§ **Source data**
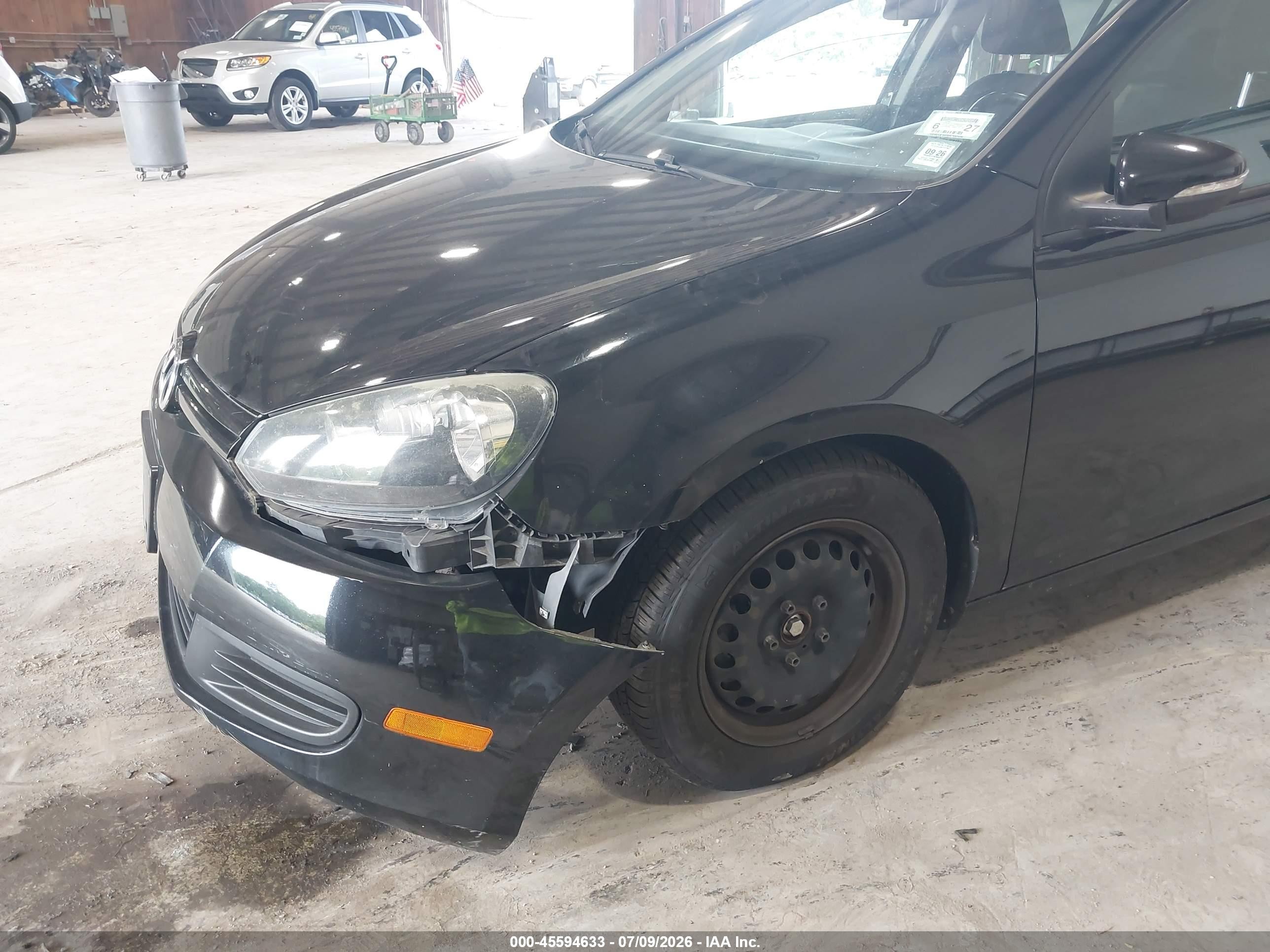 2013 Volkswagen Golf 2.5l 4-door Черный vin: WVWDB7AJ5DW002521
--
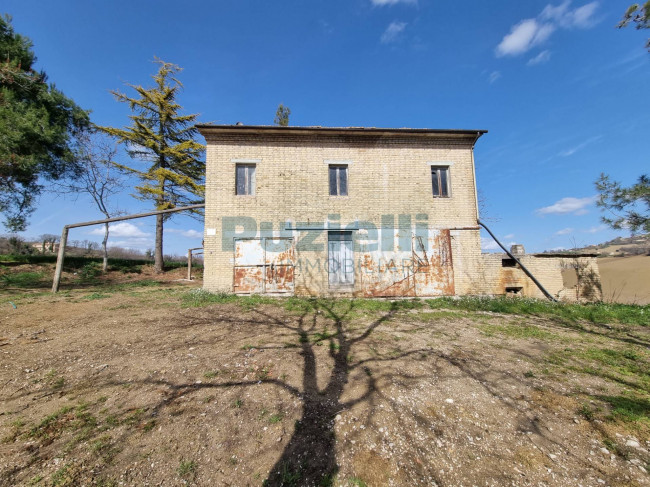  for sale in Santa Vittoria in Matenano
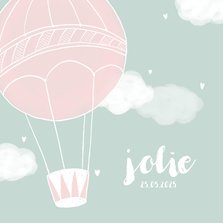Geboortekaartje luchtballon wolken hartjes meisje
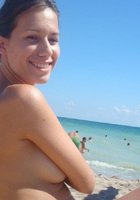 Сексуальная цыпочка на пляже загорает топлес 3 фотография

§ **Assignment**
Reproduce the listing above only between the lines holding "for sale in Santa Vittoria in Matenano" and "Сексуальная цыпочка на", inclusive. Every line must match exactly, and pictures are dropped.

§ **Exercise response**
  for sale in Santa Vittoria in Matenano
Geboortekaartje luchtballon wolken hartjes meisje
 Сексуальная цыпочка на пляже загорает топлес 3 фотография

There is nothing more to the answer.